BPS review, The Road Home by Rose Tremain ( April 2022)
BPS Book review of The Road Home, by Rose Tremain
Sometimes it takes me a week to get the summary of our bookish thoughts down on paper… so whilst it hangs over me on my ‘to do’ list, somewhere in my subconscious the thoughts are rumbling around to make some coherent conclusions.
This book in particular has made me think a lot, about how book tastes change through the decades and how writers really have to produce work that aligns with the current zeitgeist.
We had this discussion first when reading Colson Whitehead’s The Nickel Boys, a novel based on the true experiences of young boys in a Florida reform school.
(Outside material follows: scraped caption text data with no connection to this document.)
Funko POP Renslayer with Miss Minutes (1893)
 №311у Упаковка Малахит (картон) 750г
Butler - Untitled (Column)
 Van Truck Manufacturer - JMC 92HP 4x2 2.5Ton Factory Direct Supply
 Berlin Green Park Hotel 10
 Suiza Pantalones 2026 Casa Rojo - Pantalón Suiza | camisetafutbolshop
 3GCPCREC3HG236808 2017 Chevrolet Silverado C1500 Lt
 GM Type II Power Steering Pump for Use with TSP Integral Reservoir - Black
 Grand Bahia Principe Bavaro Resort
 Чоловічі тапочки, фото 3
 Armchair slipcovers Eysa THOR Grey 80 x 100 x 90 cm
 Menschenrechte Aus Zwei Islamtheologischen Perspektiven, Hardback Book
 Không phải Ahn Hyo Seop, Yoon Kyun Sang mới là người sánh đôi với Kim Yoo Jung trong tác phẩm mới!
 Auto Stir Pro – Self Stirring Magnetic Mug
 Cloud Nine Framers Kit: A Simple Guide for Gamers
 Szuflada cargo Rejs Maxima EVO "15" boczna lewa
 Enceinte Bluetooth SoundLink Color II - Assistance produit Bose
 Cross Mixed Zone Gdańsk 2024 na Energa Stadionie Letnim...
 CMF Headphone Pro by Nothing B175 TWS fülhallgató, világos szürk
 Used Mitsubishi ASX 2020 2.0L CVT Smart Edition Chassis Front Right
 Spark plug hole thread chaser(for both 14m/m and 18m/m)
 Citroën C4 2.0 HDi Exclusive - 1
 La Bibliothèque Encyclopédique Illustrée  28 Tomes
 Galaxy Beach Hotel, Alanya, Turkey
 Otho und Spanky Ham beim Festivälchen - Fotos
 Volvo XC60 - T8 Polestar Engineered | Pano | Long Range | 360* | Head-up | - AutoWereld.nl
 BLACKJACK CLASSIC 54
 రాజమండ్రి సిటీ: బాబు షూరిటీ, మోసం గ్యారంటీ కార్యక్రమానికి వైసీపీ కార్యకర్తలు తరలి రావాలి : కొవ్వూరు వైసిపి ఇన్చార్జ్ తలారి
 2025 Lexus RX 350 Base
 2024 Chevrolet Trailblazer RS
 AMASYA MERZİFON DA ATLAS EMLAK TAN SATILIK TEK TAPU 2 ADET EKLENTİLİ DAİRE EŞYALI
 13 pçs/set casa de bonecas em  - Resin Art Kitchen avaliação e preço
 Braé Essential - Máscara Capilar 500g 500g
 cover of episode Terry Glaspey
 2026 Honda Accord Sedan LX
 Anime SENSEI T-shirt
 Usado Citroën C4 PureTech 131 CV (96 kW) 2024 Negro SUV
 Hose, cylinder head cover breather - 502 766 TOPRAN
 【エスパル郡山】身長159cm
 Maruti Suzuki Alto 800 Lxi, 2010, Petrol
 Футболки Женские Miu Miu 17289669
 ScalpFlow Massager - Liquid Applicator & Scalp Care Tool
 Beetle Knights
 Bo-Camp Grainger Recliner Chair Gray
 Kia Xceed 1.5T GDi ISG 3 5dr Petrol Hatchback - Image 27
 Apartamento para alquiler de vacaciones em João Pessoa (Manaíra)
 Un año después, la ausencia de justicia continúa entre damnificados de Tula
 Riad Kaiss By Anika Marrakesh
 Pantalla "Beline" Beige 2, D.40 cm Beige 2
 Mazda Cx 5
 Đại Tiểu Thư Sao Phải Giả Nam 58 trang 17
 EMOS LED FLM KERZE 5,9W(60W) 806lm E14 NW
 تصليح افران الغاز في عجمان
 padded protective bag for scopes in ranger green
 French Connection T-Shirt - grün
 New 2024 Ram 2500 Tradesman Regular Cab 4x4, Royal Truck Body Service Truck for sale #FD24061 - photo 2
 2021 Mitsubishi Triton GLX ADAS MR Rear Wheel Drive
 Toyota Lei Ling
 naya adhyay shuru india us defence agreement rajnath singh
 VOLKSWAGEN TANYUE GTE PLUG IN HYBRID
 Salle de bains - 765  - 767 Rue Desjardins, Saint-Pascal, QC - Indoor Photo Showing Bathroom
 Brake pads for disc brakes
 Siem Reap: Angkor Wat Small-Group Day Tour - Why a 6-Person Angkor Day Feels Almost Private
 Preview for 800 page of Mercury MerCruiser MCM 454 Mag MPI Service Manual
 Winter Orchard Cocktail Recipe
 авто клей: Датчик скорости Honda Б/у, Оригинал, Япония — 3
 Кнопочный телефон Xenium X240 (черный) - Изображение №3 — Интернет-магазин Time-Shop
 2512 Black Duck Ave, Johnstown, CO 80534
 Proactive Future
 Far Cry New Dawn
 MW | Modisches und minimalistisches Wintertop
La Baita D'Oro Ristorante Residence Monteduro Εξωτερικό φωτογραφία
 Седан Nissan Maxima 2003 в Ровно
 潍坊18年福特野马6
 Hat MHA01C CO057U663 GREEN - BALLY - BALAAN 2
Whitehead had no personal experience of this, but his research was detailed enough to make an authentic version. We agreed that you can’t limit a writer, or any artist, to create work only based on lived and personal experience. Nonetheless, it seems that readers are now more critical of what is served up to them in the name of fiction.
Rose Tremain, on the other hand, seems more relaxed about authenticity, shall we say. Her vague ‘Eastern European’ setting, the stereotypical Indian woman, Irish man and ex-Communist country friend are simplistic versions of reality. And, as such, she received a fair criticism from our readers for creating more of a fairytale than a reality novel.
But this book was written way back in 2008 - and even then she wasn’t young. Are we just a more demanding audience now? Is our level of global knowledge creating a more worldly audience where a half-hearted drama just isn't going to cut it anymore?
She also included one particular aggressive sexual scene between Lev and Sophie which set a lot of teeth on edge, particularly amongst the younger readers - there was a sense that she ‘allowed’ this episode to pass without much judgement or criticism and the 2022 reader is not prepared to accept that anymore.
Having said all that … the book did score well for enjoyment and page turning appeal. It was an even split of audience ratings: half of us gave it 4/5 and above, and the other half 3/5 or less! So what were the positives?!
It’s an engrossing read, a sense of ‘what’s going to happen to Lev, and Lydia?’ which kept us reading in a ‘block out the everyday’ pleasurable way. Tremain has an ability to write a scene with visual immediacy and depth, and sketch interesting detail into her characters. Her incidental moments, such as the theatre piece, and art discussions, add some contemporary context for discussion, and touches of humour with Rudi and his ‘Tchevi’ lighten the drama. She explores, albeit in an ‘immigrant lite’ way, the personal bravery of setting off alone for a better standard of living, of finding your feet in a strange country, and from that explores one’s understanding of home, family and success. Our recent backdrop of what’s happening in Ukraine did add a poignancy to this drama.
Tremain has received the most positive reviews for her works of historical fiction, one can only assume that she has fully researched those historical periods closely. This book did however win the Women’s Prize for Fiction in 2008 – a more forgiving judging panel in those days, perhaps?!